Friday, March 7, 2014

A taste of deception: The war over "A Taste of Honey"

We've all heard about how corrupt the music industry was back in the '50s and '60s: artists not getting paid, songs being stolen, payola scandals implicating some of the industry's biggest names, etc. Not at all like today. 

The intrigue didn't end there. Some cloak-and-dagger-style shenanigans surrounded the jazz-pop hit "A Taste of Honey" in 1962.

Reprise Records and Liberty Records both had competing versions of the song. Reprise's version was by Eddie Cano, and Liberty's version was by Martin Denny. 






Reprise's national promotion manager at the time was Ernie Farrell, and Liberty's was Bob Skaff. 

Farrell sent fraudulent telegrams, under Skaff's name, to radio stations and the press, telling them to play the B-side of the Denny record, "The Brighter Side," instead of "A Taste of Honey." If disk jockeys flipped the record, it would knock out the competition from Denny so that Eddie Cano would get the airplay for "A Taste of Honey." 

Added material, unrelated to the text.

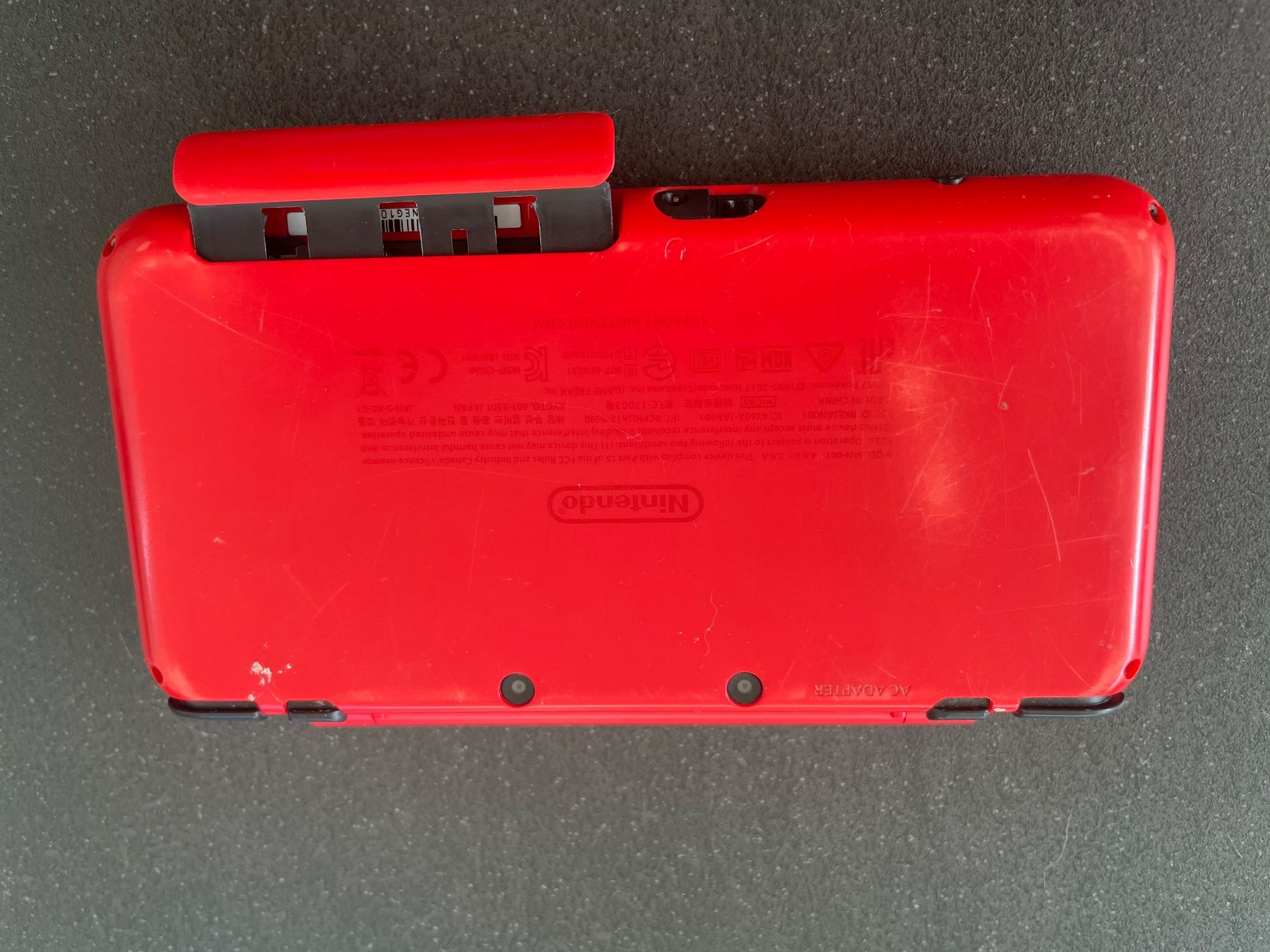 Nintendo Consoles: Nintendo 2DS XL -Pokéball Edition – D'occasion à Dällikon par buyandbehappy 3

But Skaff found out about the chicanery when people called him to ask why Liberty wanted to push "The Brighter Side." 

Liberty traced the telegrams to their source and discovered that they had come from Reprise. 

Skaff quickly sent his own flurry of telegrams to ask everyone to disregard the previous message and keep playing Denny's "A Taste of Honey." 

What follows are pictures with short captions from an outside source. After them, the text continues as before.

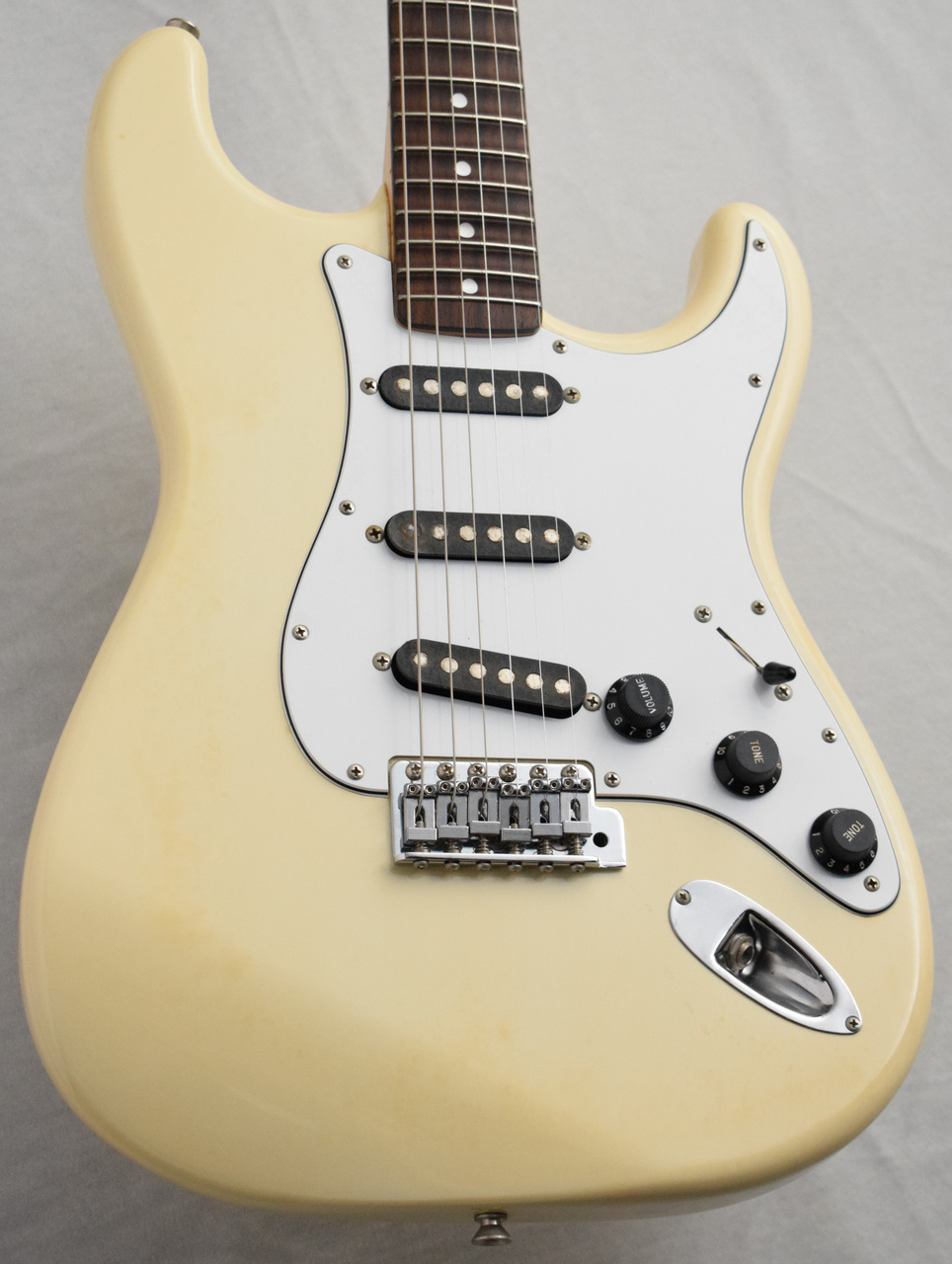 Fender Japan 【94年製/中古】ST72-85SC ~Olympic White~ 3.75kg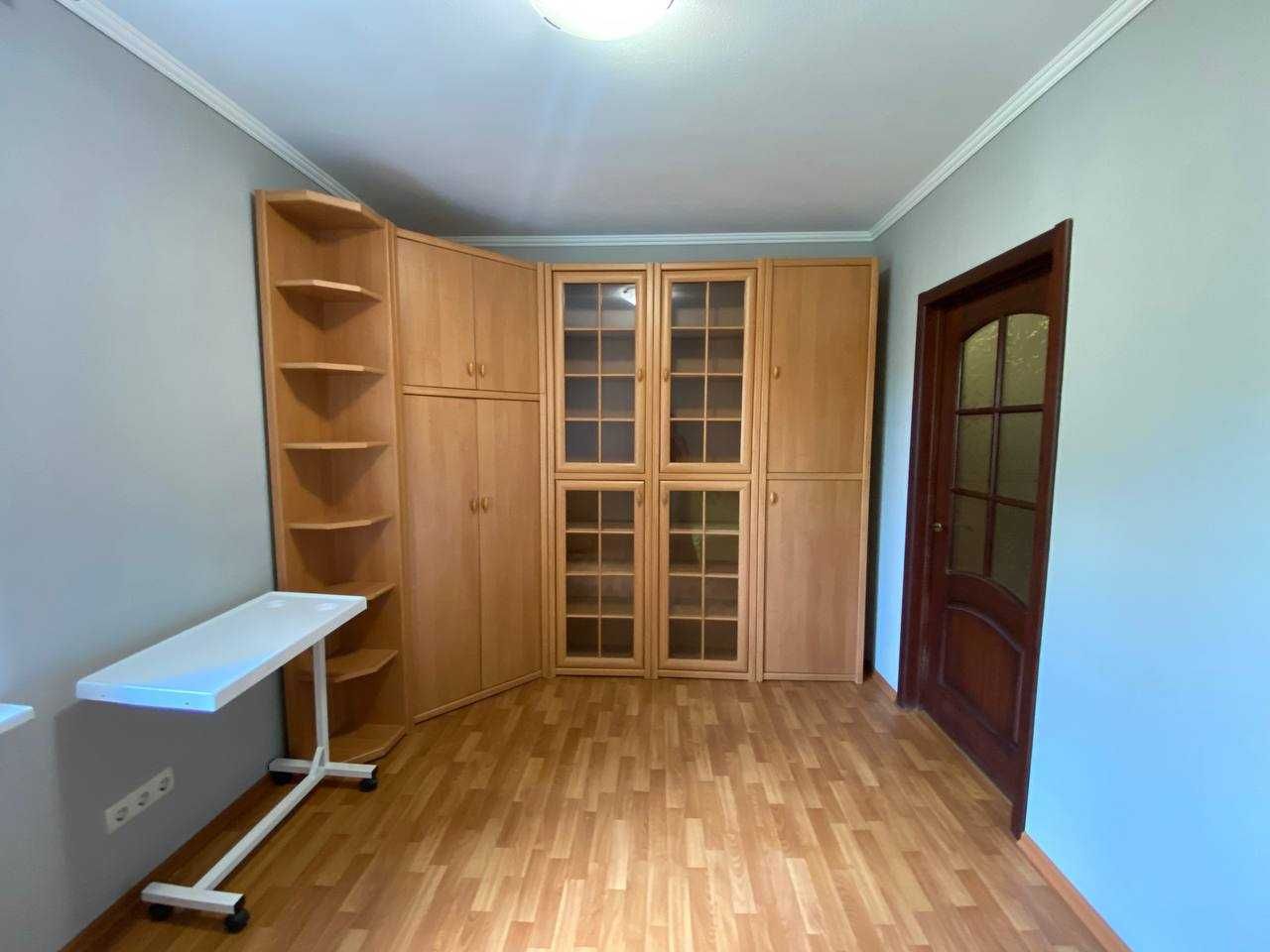 Жеңіс көшесіндегі 3 бөлмелі және жөнделген пәтер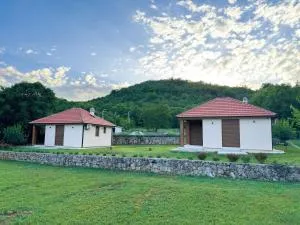 Paradise Valley - Karuč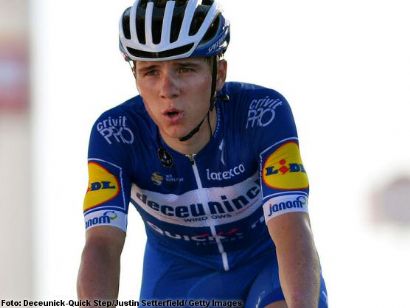 Tour de los Emiratos: Remco Evenepoel, que chocó contra una moto, no sufre fracturas
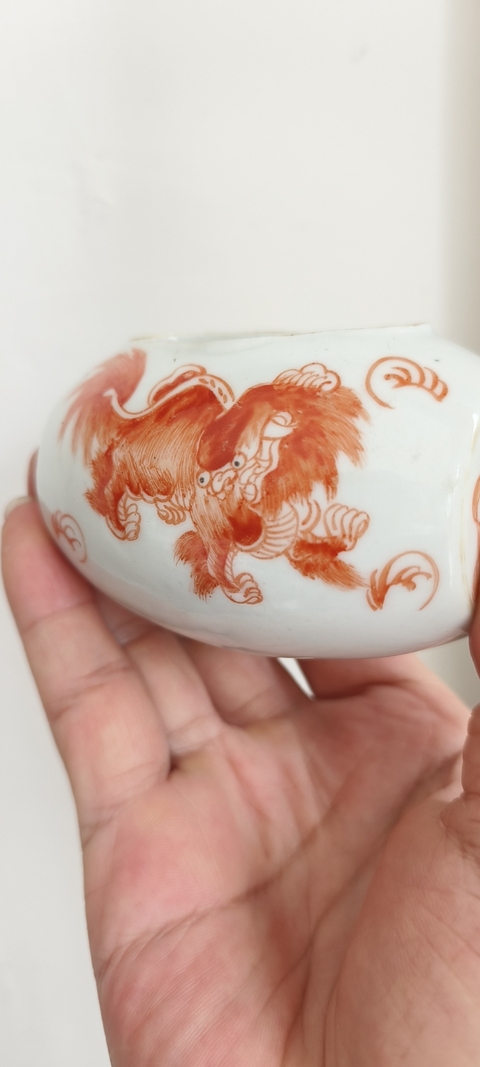 古玩陶瓷獅紋礬紅鳥食罐真品鑒賞圖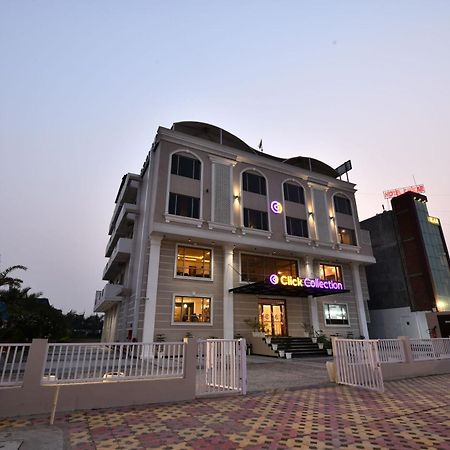 Click Collection Grand Gateway Varanasi Exterior photo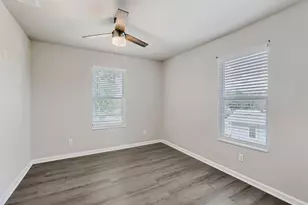 123 S 2nd St, Sanger, TX 76266 - Photo 21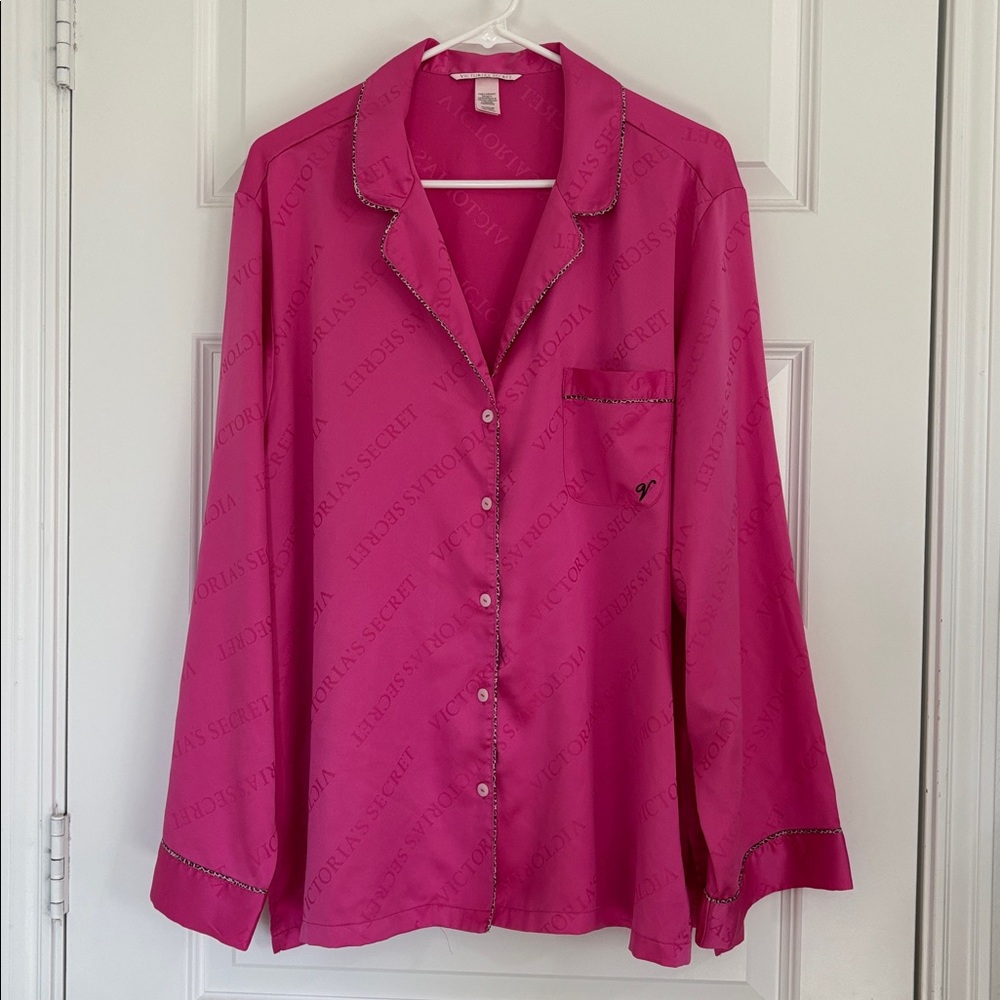 Victoria’s Secret pajama set with leopard detail, size extra large. - Picture 2 of 9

Billboard remarked that the stunt inadvertently attracted more attention "than an on-purpose promotional stunt has created in many a moon," but was it really inadvertent? 

At the moment that Farrell's fraudulent telegrams were going out over the wire, Farrell was having dinner—with Skaff. They were longtime friends. And, by all accounts, a couple of jokesters. 

Denny ended up having a bigger hit than Cano despite the stunt, and practically everyone recorded "A Taste of Honey," including the Beatles. 

Jack Argent from Leeds Music, a publishing company in Australia, told Billboard in 1967 that 231 versions of "A Taste of Honey" had been released in Australia alone. 

Skaff and Farrell were certainly characters, though. 

When Skaff died in 2012, his obituary on Cleveland.com quoted radio programmer Mel Phillips as saying, "Bob Skaff had the charisma to be a star in whatever field he chose." 

It also said that Skaff tried to sign the Beatles before Capitol did but was vetoed by his boss. 



Bob Skaff


Frank Sinatra hired Ernie Farrell to be his national promotion director in 1959 when Sinatra started Reprise Records. 

Farrell even released a single on Colpix, "Candy Camera," in 1965 as Ernie Farrell and His Paper Music Band.